# laid the wood to 'em today.



## Joe Sixpack (Jul 30, 2011)

My cousin and I went out and after striking out on several public numbers in 75 to 125' deep decided to change up a little and stumbled on a honey hole that lit up my bottom machine. Caught 3 nice endangered ARS but couldn't close out a 2-man limit. Caught 10 mongos and a nice white snapper. Then my cuz pulled up the biggest damn trigger I think I have ever seen. Must have stumbled across somebody's high-dollar private spot, didn't have another boat come near us while we were there. If I can figure out how to post pics will put one up.
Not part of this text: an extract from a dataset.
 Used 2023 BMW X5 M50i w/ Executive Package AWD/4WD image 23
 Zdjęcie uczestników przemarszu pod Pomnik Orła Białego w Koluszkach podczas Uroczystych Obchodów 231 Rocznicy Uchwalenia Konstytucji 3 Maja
Great day on the water, but it did get a bit sporty on the way back in.


----------



## Joe Sixpack (Jul 30, 2011)

Learned how to add pics.


----------



## Mac1528 (Mar 24, 2012)

Nice bunch of fish plus an added bonus, new spot to fish!

Sent using tapatalk


----------



## GROUPERKING (Sep 28, 2011)

War Eagle !


----------



## Joe Sixpack (Jul 30, 2011)

That's my cousin, should have thrown him overboard for wearing that hat.


----------



## GROUPERKING (Sep 28, 2011)

Joe Sixpack said:


> That's my cousin, should have thrown him overboard for wearing that hat.


 Oh come on man, that hat was your good luck charm ! "Found a new spot caught all those fish." You probably need to go buy you one.


----------



## Joe Sixpack (Jul 30, 2011)

Best part of the trip is that it was the first time I've been able to get on fish without a guide on the boat. Have hit a gazillion of the public numbers and just never been able to get on them.


----------



## 2RC's II (Feb 2, 2012)

Joe Sixpack said:


> Best part of the trip is that it was the first time I've been able to get on fish without a guide on the boat. Have hit a gazillion of the public numbers and just never been able to get on them.


 Wrong bait would be my guess. Fish are on all of them!


----------



## Joe Sixpack (Jul 30, 2011)

2RC's I have spent whole trips bouncing from spot to spot without marking fish. I went over this spot while trolling and the bottom machine was lit up like a Christmas Tree.


----------



## Kim (Aug 5, 2008)

I have hit a bunch of public spots out of Destin in the last few weeks and most of them hold few fish and not a whole lot of Snapper. Some of them mark fish well on the bottom machine. Dropping down on some of those we caught lots of Ruby Red Lips, Sand Perch, Red Porgies and one Red Snapper. I just don't see the numbers of snapper that many claim are all over these public numbers. The Porgies and bait fish are so thick that it gives a good show on the machine but that's about it.


----------



## hjorgan (Sep 30, 2007)

Post a pic of those number!!!


----------